Candy man Colin Redding chocs it up to experience

Screw Willy Wonka. Colin Redding is our very own chocolate wizard, a man with his own candy factory who's willing to make a 40-foot dildo out of chocolate (although he'd rather not). He's even pulling a Wonka by sneaking golden tickets into chocolate bars sold at Changing Hands Bookstore (ticket holders win a tour of the factory -- imagine!). And if Redding, who co-owns Granny's Chocolate Creations with his parents, Lynn and Merry, won't reveal the secrets of chocolate -- its politics, its ingredients, its effect on the rain forest -- it's not because he's being wily, Wonka. It's because he doesn't know. Still, he gives a sweet interview.

New Times: So. Granny's Chocolates. Is there a Granny?

Colin Redding:It's Granny's Chocolate Creations. And there isn't necessarily a Granny. My parents have a wonderful sense of humor, and they used to say, "Yes, there's a Granny, she came over from Russia on a boat with the chocolate recipes sewn into the lining of her coat."

NT: You're cracking me up! Is working with your family a bittersweet experience?

Redding:Ha-ha. No, more like a bitter pill to swallow. I figure a year from now I'll be in a padded cell, drooling on myself and banging my head against the wall. Actually, I love my parents. They're out of town for five weeks right now, and I'll get more done while they're away than I will the whole rest of the year.

NT: They'll be delighted to read that, I'm sure. Are you a dark or milk chocolate kind of guy?

Redding:I like the dark. Without nuts. I'm a purist. I really like chocolate.

NT: How come you're not big as a house? You own a chocolate factory -- shouldn't you weigh 400 pounds?

Redding:I don't really have a sweet tooth. I grew up in a house where sugary foods weren't allowed. I came home from college for the summer and they'd bought a chocolate factory. And I'm like, "Who's going to pay $20 for a pound of candy?"

NT: Yeah. Why is everyone so gosh darn in love with chocolate?

Redding:Because it makes you feel good. It's magical, and brings you back to your childhood. If you're feeling crappy -- can I say that?

NT: You can say "fuck," if you like.

Redding:Okay. So things are shitty, you're kind of down, chocolate is that thing that makes you feel better.

NT: Not everyone. I've met people who don't like the stuff.

Redding:Like you?

NT: Look at these thighs. These are not the thighs of someone who doesn't like chocolate.

Redding:Well, not liking chocolate is just a red flag for other, deep-rooted psychological issues. Chocolate is recession-proof. It's powerful stuff.

NT: It can kill dogs!

Redding:Dark chocolate can. You can probably feed your dog milk chocolate, but bittersweet baking chocolate, like you use in baking -- if your dog eats that, he could die.

NT: Because?

Redding:Because it's too much good, man. I have no idea. I think I read once that it has something to do with cocoa butter content. It's lethal to them or something.

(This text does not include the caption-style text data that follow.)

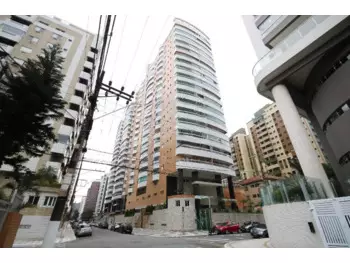 Apartamento à venda em leilão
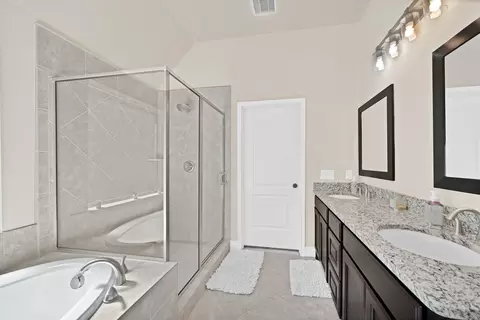 Bath - 27371 Pendleton Trace Dr, Spring, TX 77386 photo 2 of 5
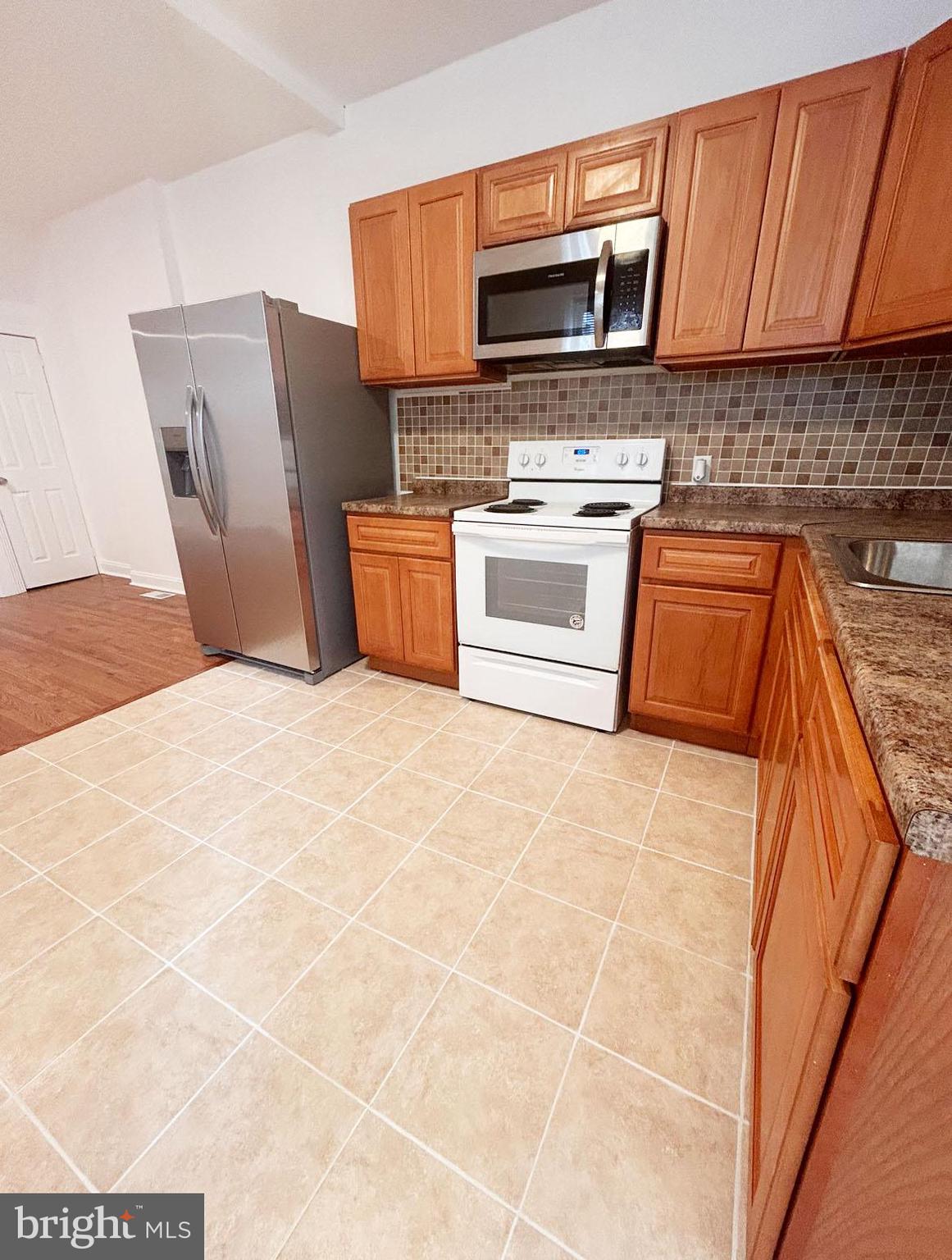 1366 NARRAGANSETT ST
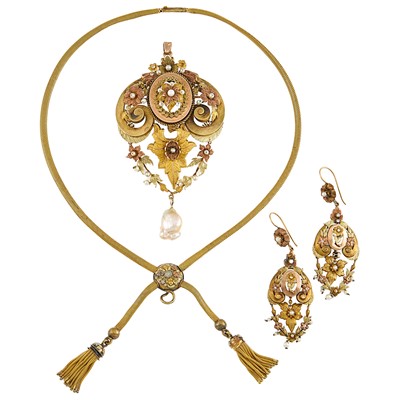 Lot 2052 - Antique Variegated Gold, Baroque and Split Pearl Pendant-Brooch Necklace and Pair of Pendant-Earrings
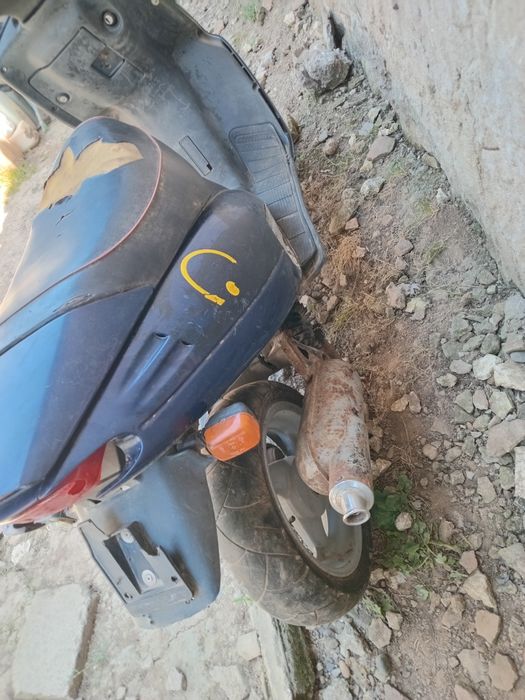 Vând malaguti f12 550 neg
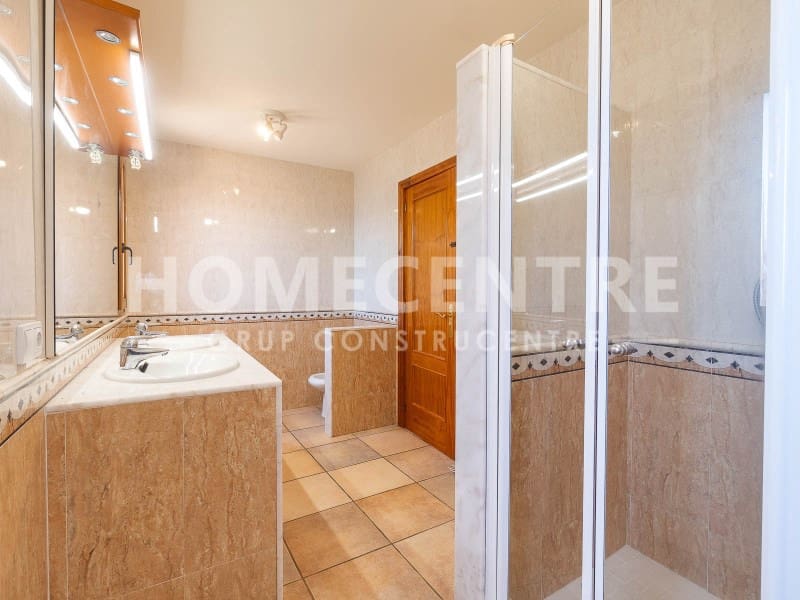 4 bedroom Villa for sale in Peralada with garage - € 795,000 (Ref: 9335311)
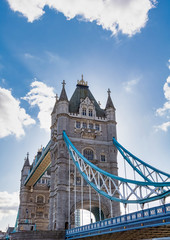 Fototapeta na wymiar Tower bridge in London, England.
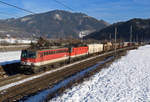 1142 586 und 1144 101 bespannten am 04. Dezember 2019 Zug 54507, fotografiert in Niklasdorf.

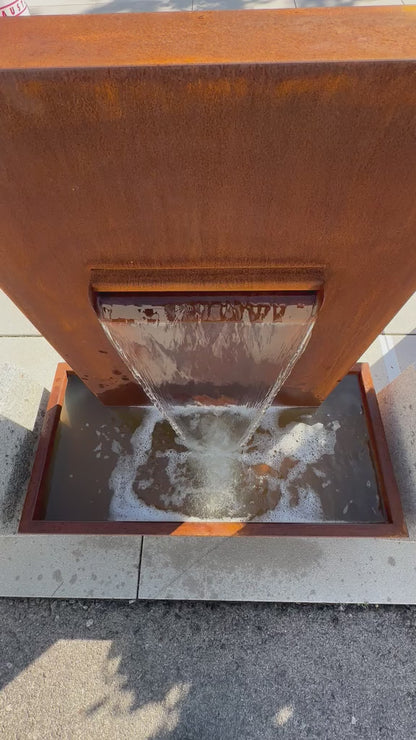 Cortenstahl Wasserfall für Terrasse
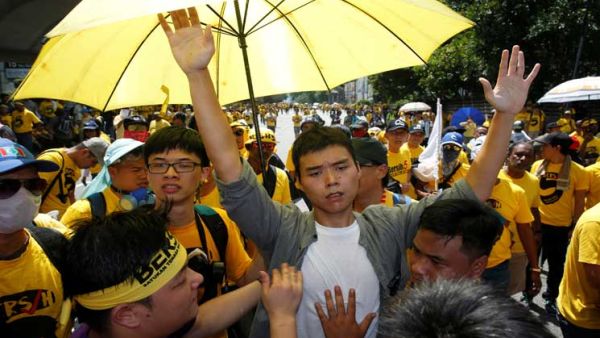 اعتُقل زعيم جماعة بيرش المؤيدة للديمقراطية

NT: I refuse to believe that chocolate is an aphrodisiac.

Redding:That's a myth that makes for great marketing. I've heard that chocolate can release the same endorphins as when you're in love, but then if you don't really know what love is . . . I don't know. It's indulgent, it tastes good, it feels good in your mouth, it's silky smooth on your tongue.

NT: I've read that chocolate is good for you. But all it does for me is make my ass bigger. How is that good?

Redding:I don't know. I should be able to spit out a bunch of chocolate facts, I know.

NT: I want you to know every single thing about chocolate.

Redding:Let's see. On a chemical level, the darker chocolates have a certain number of antioxidants in them. The cacao bean is helping to make you healthier, at a certain point, I guess. You're going to play back your tape [of this interview] and think, "This guy is an idiot."

NT: I would never think such a thing!

Redding:There are some studies that say there are things in chocolate that are good for your heart, but who's funding those studies? Hershey's, Nestlé, Mars.

NT: I can get three Hershey bars for a dollar at my corner grocery. Why should I drive out to Gilbert and buy expensive shit from you?

Redding:It just tastes so much better. It feels better in your mouth. It's like the difference between Jack in the Box coffee and pure Kona coffee. I don't drink Thunderbird, but I do drink some really good red wine. You know?

NT: I know! And I read that cocoa trees are really sensitive and only grow about 20 degrees north and south of the equator. These trees sound rare. And you're killing them to make Snickers bars!

Redding:It's not just [the chocolate industry]. I mean, cocoa butter is in a lot of products. Lipstick.

NT: Sounds like we're headed for a cocoa shortage. Will chocolate be hugely expensive in the future?